Game of Death II, also known as Tower of Death () or The New Game of Death, is a 1981 Hong Kong martial arts film directed by Ng See-yuen and starring Bruce Lee, Tong Lung, Huong Cheng Li and Roy Horan. This film was marketed as a sequel to Bruce Lee's last and only partially completed film Game of Death. Bruce Lee died some years before the production of Game of Death II and most of his scenes are taken from Lee's older films, mostly Enter the Dragon.  Aside from the international English dub giving the "Bruce Lee" character the name Billy Lo, this movie appears to have no connection with Robert Clouse's 1978 version of Game of Death.

Plot
After a recent number of challenges, Billy Lo (Bruce Lee) and his friend Chin Ku (Huong Cheng Li) begin to suspect that someone wants them dead.

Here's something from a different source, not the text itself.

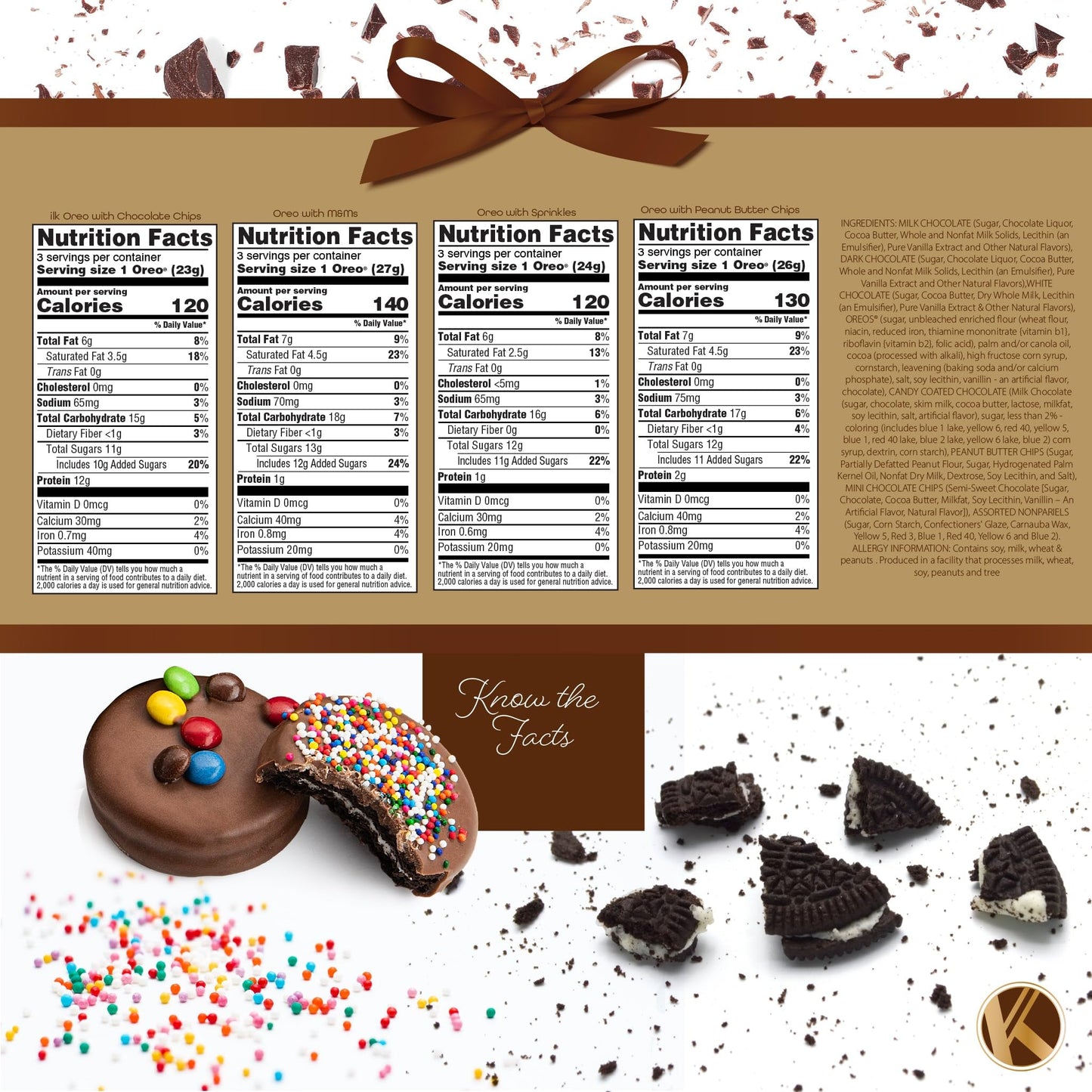 Nut Cravings KREMERY Chocolate Covered Sandwich Cookies Gift Basket - 12 Count - Assorted Candy Toppings - Kosher Dairy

Billy later visits his younger brother Bobby (Tong Lung), who is studying with Billy's former teacher, and leaves him a book on Jeet Kune Do. Chin is soon killed and Billy goes to Japan to find his stepdaughter, May. May tells him that Chin had visited just before his death, and left a film for her. They are suddenly attacked, but Billy manages to escape with the film.

A few days later Billy attends Chin's funeral, where he is turned away from viewing the body. A helicopter arrives during the burial and steals the coffin away. Trying to prevent the theft, Billy is carried up with the casket but falls to his death. Bobby Lo is told of Billy's death by their father, who tells him to find a man named Sherman Lan and avenge his brother. Sherman gives him the film, which shows Chin Ku at the Palace of Death. The Palace of Death is run by a crazed martial arts expert by the name of Lewis (Roy Horan). Any challenger who fails to defeat Lewis is fed to his pack of lions. Bobby decides to meet Lewis, who is impressed with Bobby's abilities. While investigating the Palace, Bobby is attacked by a masked man. Then he informs Lewis that someone is trying to kill him. Later that night, a woman is sent to Bobby's room to seduce and assassinate him. When she fails, one of Lewis' lions attacks Bobby. During the fight, the masked man appears and kills Lewis.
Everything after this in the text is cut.